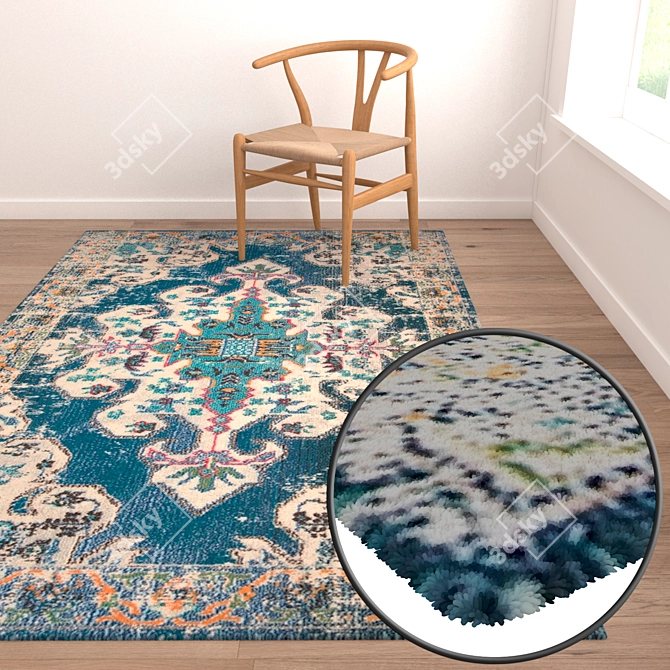 Luxury Carpet Set - High-Quality Textures! 3D model image 2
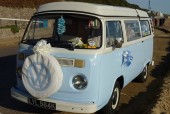 A Other Campervan called Lily something blue-1219 and lily at the beach for hire in New Milton, Dorset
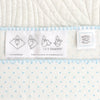 Ultimate Swaddle Blanket - Fresh Pastel Polka Dots, Pastel Blue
§ §
## Your task
The full listing above, duplicated exactly and without its pictures, is the answer.

## Answer box
 Luxury Carpet Set - High-Quality Textures! 3D model image 2
 A Other Campervan called Lily something blue-1219 and lily at the beach for hire in New Milton, Dorset
 Ultimate Swaddle Blanket - Fresh Pastel Polka Dots, Pastel Blue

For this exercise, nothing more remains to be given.